シャルケ戦で華麗なループシュートを決めるなど自信に満ちたプレーを見せた香川だが、リバプール戦はおそらくベンチスタートに。(C)Getty Images

 リバプールの指揮官ユルゲン・クロップはうまく言ったものだ。ヨーロッパリーグ(EL)準々決勝の第1レグでドルトムントと引き分けた(1-1)後、「アンフィールド(リバプールの本拠地)は燃えるだろう。この試合のチケットを手にできた人、一人ひとりにおめでとうと言いたい」とコメントした。
 
 偉大な伝統とファンを有する2つのビッグクラブが、アンフィールドで激突する。

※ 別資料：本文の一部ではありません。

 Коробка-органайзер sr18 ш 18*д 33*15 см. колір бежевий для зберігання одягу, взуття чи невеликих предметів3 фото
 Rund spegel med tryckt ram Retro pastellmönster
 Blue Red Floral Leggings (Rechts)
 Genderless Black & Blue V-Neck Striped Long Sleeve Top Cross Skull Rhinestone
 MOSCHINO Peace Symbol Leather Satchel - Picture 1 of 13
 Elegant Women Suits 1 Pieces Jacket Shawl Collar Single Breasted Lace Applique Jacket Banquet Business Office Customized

レポーターとして現地観戦する私にとっても、特別な経験になるだろう。
 
 長い夜、つまり延長戦やPK戦までもつれても不思議はない。私は今でもドルトムントのほうがやや有利だと思っているが、第1レグで強い印象を植え付けたのはリバプールだった。とくに守備の安定感は、予想以上だった。
 
 それでもドルトムントを推すのは、第1レグでパフォーマンスが良くなかった選手が本領を発揮すると思うからだ。例えば4月10日のシャルケ戦で温存されたマルコ・ロイスや、15分だけ出場したピエール=エメリク・オーバメヤンは、万全の状態で試合に臨めるだろう。
 
 香川真司は、おそらくベンチスタートだろう。多くの主力を休ませたそのシャルケとのレヴィア・ダービーでスタメン起用された事実が、それを示唆する。
 
 この試合で決めた香川のループシュートは、本当に素晴らしかった。あのゴールは、絶対的な自信を持つ選手にしか決められないものだ。正直に言うと、香川があれほど自信に満ちたプレーを見せるとは、思っていなかった。それは、前半の出来がチーム全体のパフォーマンスと同様にあまり良くなかったからでもある。
 
 トーマス・トゥヘル監督にとっても、リバプールとの第2レグが大きなチャレンジになるのは明らかだ。もちろん、5試合を残して来シーズンのチャンピオンズ・リーグの出場権を獲得するとは誰も予想していなかったし、ドルトムントでの1年目が大成功だと評価されるのは間違いない。
 
 それでも、前任者(クロップ)にベスト4進出を阻まれれば、トゥヘル本人にとってもショックは小さくないだろう。だからこそ、この若き指揮官がいかなる戦術で試合に臨むかが非常に楽しみだ。